1. Field of the Invention
The present invention relates to sensors for detecting chemicals and in particular to a sensor for detecting and distinguishing atomic hydrogen or atomic deuterium oxygen, carbon monoxide, and nitric oxide.
2. Description of the Prior Art
Electron transport through a metal-semiconductor interface is determined largely by the Schottky barrier between them.

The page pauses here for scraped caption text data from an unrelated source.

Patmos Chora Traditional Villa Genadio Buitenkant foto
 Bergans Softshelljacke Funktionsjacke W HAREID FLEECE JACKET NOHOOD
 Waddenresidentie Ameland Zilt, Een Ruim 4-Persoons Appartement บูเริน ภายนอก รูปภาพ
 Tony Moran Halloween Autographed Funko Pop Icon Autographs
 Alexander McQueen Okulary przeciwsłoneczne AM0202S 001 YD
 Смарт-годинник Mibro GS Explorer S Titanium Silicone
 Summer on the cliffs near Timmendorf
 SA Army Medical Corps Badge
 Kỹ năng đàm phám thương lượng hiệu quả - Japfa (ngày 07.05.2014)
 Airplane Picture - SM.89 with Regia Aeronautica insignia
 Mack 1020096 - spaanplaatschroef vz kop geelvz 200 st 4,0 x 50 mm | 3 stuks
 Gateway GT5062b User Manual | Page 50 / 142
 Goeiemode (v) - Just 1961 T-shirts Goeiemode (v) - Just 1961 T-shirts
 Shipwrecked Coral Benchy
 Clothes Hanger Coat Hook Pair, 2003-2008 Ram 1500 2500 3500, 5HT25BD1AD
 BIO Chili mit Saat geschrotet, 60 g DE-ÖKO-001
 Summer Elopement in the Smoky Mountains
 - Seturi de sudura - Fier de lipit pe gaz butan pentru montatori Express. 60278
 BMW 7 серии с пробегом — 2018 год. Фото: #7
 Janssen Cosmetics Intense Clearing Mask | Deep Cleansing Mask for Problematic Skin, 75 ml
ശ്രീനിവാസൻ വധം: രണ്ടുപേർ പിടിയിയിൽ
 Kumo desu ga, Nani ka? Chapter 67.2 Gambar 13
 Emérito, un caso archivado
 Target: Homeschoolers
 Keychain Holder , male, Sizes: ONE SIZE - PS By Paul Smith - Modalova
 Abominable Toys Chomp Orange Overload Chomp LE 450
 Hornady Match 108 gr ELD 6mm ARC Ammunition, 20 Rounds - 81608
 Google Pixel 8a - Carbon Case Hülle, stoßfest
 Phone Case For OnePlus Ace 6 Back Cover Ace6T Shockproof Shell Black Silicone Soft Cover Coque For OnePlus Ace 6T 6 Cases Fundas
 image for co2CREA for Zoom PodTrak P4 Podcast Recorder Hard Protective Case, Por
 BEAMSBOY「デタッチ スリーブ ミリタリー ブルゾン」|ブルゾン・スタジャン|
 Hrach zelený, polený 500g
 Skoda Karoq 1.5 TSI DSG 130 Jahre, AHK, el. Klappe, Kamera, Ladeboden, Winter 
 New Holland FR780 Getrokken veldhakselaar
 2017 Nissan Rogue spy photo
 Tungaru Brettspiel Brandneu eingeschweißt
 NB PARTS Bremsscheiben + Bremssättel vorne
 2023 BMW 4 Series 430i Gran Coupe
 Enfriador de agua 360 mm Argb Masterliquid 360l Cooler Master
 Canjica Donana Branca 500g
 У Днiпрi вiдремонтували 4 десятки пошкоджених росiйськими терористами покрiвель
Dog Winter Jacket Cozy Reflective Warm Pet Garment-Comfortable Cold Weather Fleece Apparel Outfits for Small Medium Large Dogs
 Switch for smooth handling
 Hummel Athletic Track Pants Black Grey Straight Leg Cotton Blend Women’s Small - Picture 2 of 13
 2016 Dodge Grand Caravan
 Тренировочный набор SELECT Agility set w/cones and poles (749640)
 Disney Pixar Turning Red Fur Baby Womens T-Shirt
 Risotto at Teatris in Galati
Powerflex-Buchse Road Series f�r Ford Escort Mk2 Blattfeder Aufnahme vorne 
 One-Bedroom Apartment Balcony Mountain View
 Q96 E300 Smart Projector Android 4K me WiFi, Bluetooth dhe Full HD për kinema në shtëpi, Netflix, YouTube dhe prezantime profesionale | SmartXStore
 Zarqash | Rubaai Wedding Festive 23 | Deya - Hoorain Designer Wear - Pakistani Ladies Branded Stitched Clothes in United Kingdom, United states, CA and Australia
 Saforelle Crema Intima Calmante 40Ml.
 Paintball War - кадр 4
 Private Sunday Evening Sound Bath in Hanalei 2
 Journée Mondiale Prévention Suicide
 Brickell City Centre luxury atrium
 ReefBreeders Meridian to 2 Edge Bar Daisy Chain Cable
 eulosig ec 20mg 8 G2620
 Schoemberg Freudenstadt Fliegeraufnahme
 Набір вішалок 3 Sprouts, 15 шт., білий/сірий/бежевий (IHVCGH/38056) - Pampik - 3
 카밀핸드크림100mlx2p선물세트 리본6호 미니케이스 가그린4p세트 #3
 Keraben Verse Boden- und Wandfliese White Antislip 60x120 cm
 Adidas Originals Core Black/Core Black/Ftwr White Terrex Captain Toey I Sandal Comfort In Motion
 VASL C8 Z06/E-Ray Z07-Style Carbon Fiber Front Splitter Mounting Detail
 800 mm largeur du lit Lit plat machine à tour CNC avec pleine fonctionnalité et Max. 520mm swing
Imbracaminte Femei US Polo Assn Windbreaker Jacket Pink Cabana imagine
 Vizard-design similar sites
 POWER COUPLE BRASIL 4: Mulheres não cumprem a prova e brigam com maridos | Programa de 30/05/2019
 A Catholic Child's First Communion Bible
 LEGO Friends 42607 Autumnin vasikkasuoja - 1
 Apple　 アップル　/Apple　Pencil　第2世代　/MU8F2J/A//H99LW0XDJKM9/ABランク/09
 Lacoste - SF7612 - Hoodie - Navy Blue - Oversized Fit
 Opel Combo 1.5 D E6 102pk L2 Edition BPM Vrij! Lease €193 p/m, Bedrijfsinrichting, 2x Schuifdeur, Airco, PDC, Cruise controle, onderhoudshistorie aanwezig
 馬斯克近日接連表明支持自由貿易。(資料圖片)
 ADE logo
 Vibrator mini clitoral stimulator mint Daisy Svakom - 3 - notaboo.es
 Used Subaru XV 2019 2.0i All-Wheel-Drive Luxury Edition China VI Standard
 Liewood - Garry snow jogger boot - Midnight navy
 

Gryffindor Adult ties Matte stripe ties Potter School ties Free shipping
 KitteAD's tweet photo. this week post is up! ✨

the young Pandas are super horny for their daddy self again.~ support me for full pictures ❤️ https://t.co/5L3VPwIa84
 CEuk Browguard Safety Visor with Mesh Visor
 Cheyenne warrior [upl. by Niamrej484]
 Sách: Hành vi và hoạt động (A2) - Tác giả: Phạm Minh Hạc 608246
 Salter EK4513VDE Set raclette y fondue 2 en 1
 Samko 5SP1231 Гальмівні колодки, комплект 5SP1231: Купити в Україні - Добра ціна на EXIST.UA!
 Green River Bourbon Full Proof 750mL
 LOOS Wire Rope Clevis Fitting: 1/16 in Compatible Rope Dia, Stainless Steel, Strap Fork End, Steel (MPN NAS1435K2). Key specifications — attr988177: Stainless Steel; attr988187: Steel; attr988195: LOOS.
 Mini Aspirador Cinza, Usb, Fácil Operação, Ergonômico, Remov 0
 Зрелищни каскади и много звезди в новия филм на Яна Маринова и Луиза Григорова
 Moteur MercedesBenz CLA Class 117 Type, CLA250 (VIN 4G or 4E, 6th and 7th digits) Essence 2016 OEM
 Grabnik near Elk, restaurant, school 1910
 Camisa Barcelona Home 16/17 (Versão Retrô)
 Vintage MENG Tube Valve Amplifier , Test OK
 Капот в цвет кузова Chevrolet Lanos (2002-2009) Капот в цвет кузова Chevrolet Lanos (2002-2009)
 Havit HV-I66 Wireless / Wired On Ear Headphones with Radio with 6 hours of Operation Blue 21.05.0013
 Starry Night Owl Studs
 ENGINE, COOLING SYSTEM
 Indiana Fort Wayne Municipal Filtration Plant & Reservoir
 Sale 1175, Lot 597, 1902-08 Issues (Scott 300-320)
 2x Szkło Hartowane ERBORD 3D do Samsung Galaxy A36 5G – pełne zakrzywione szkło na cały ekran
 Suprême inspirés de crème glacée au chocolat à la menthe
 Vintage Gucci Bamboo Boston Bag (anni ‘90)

The detailed pathways of energy transfer in exothermic and endothermic reactions at a metal surface is incompletely understood and of fundamental interest. Bond formation energy of up to several electron volts is transferred into the substrate during such exothermic reactions. Since bulk phonon energies are typically two orders of magnitude smaller, it has been appreciated by the prior art that non-adiabatic excitations of electron-hole pairs may be an alternative to the creation of multiple phonons as a mechanism for sensor detectors. With surface reactions at thermal collision energies, there are few examples of energy transferring to the electronic system accompanied by light emission or chemiluminescence and exoelectron ejection. Chemiluminescence and exoelectron injection are observed only with exothermic adsorption of electronegative molecules on reactive metal surfaces. In addition, exoelectron emission requires that the metal have a low work function. Heretofore, there has been no direct experimental evidence for adsorption induced electron-hole pair excitations at transition metal surfaces.
Therefore, what is needed is some type of sensor design or principal in which adsorption induced electron hole pair excitations at a transition metal surface can be exploited to provide a chemical sensor.